By Sonny Turner
Sub-edited by Sam Brady
The sustained mishaps of Premier League refereeing has led to an acceptance and blindness to mistakes, which halts the chances of improvement. We no longer see the rules which the referees seem to have unanimously voted to ignore. We need to open our eyes.
The Monday night game, Burnley vs Tottenham, refereed by Michael Oliver, perfectly highlighted the consistent failure of referees to uphold the same overlooked rules, and get away with it. The uncharacteristic praise from Jose Mourinho claiming Oliver was “very, very, good,” will make sure that nothing changes.Embed from Getty Images
The first of many rules ignored, yet broken every game, is the six second rule. Goalkeepers hold onto the ball routinely for over double this time, and even when complained about to the referee, done by Harry Kane to Oliver, nothing is done, and the time-wasting is allowed.

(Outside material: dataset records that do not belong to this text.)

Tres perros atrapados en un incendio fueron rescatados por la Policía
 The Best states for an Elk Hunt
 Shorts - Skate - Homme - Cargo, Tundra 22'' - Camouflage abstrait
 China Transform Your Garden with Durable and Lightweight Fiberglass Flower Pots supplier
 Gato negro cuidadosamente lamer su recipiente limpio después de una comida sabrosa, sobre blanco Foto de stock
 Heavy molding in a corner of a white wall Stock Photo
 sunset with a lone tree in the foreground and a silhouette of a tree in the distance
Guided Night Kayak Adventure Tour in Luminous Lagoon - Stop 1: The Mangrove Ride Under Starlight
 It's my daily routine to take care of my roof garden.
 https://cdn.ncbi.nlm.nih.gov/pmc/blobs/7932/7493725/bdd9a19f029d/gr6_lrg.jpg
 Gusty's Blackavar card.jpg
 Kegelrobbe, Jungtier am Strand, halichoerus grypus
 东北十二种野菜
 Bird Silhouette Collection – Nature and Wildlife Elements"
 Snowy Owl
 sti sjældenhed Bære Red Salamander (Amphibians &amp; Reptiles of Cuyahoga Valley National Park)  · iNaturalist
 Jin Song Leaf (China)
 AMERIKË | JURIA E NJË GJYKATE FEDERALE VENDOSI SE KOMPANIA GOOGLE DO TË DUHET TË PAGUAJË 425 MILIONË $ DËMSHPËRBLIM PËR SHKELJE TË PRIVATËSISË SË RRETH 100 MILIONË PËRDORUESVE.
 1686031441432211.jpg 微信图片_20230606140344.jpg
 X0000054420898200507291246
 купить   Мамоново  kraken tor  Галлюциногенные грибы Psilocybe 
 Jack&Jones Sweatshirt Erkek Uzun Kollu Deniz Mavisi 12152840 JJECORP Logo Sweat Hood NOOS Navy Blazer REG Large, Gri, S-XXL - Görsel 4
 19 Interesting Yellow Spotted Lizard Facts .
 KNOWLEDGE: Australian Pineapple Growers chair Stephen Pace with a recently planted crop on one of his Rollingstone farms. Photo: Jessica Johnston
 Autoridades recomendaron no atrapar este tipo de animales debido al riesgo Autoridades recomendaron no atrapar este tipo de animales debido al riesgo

Another piece of what is almost affectionately described as gamesmanship, is the un-punished deliberate stopping of a quick free-kick, by standing directly infront of the ball. When Moussa Sissoko found himself in breach of the law, having successfully prevented Burnley from getting the ball forward before his team were defensively set, all he was forced to do by Oliver is walk backwards after the damage had been done, no yellow card in sight. This despite the FA website stating that a player “must be cautioned for delaying the restart of play” in this situation.
Despite receiving praise for his performance, Oliver also missed a foul by Eric Dier, who had a handful of a Burnley shirt from a corner, and should have been punished with a penalty. Illegal holding, especially at set pieces, seems these days to be a 50/50 as to whether it will be punished, with Brighton’s Tariq Lamptey being punished recently against Crystal Palace for the offence, but Harry Maguire going un-punished against Chelsea this week.
When the Premier League attempted to crack down on it, only Mike Dean was brave enough to award penalties, yet received so much stick for the amount he was awarding, that he was forced to stop, with no back-up from colleagues. Now with VAR in place there was hope that these offences would be punished, yet the offence by Dier on Monday was also missed by VAR operator Craig Pawson.
Strike three. Out. Not a very, very, good performance.
Sean Dyche summed up the acceptance of these types of offences after the game when describing the goal, saying “there was a bit of blocking going on, but that’s standard.” The standard level of referees is to ignore rules.
With referees being praised for this standard, don’t expect it to change any time soon.